** TASK GOAL **
Write the data out again exactly, with no pictures.

** RECORDED INFORMATION **

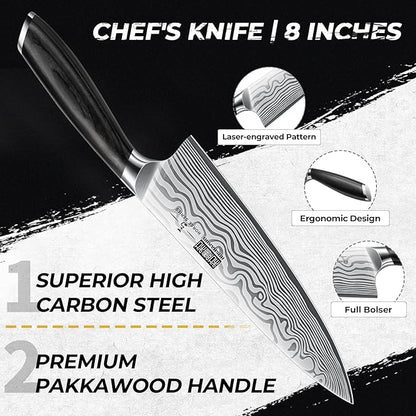 5 Pieces Knife Set, Professional Powder Steel Chef Knife Set, Ultra Sharp Japanese Kitchen Knives Set with Ergonomic Pakkawood Handle
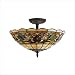 Tiffany Buckingham Semi Flush Mount in Age Walnut in Vintage Antique with Tiffany Style Glass
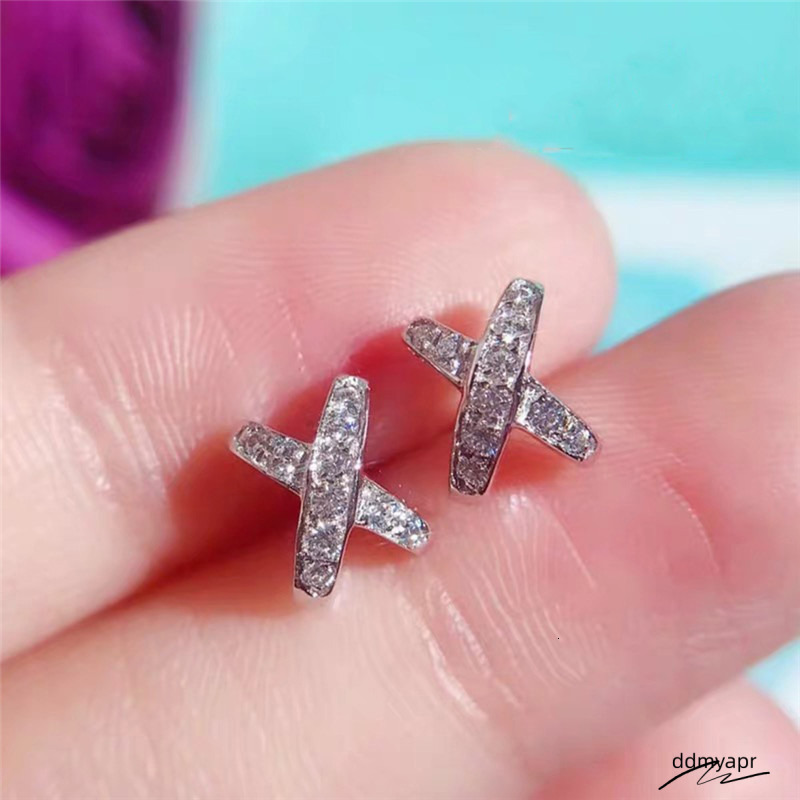 2023 Simple Fashion Stud Earrings Jewelry Ddmyday Sterling Sier Fill Pave White Topaz CZ Dia Gemstones Party Handmade Women Cross Earring Rose Gold Gi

** SOLUTION FOR THIS EXERCISE **
 5 Pieces Knife Set, Professional Powder Steel Chef Knife Set, Ultra Sharp Japanese Kitchen Knives Set with Ergonomic Pakkawood Handle
 Tiffany Buckingham Semi Flush Mount in Age Walnut in Vintage Antique with Tiffany Style Glass
 2023 Simple Fashion Stud Earrings Jewelry Ddmyday Sterling Sier Fill Pave White Topaz CZ Dia Gemstones Party Handmade Women Cross Earring Rose Gold Gi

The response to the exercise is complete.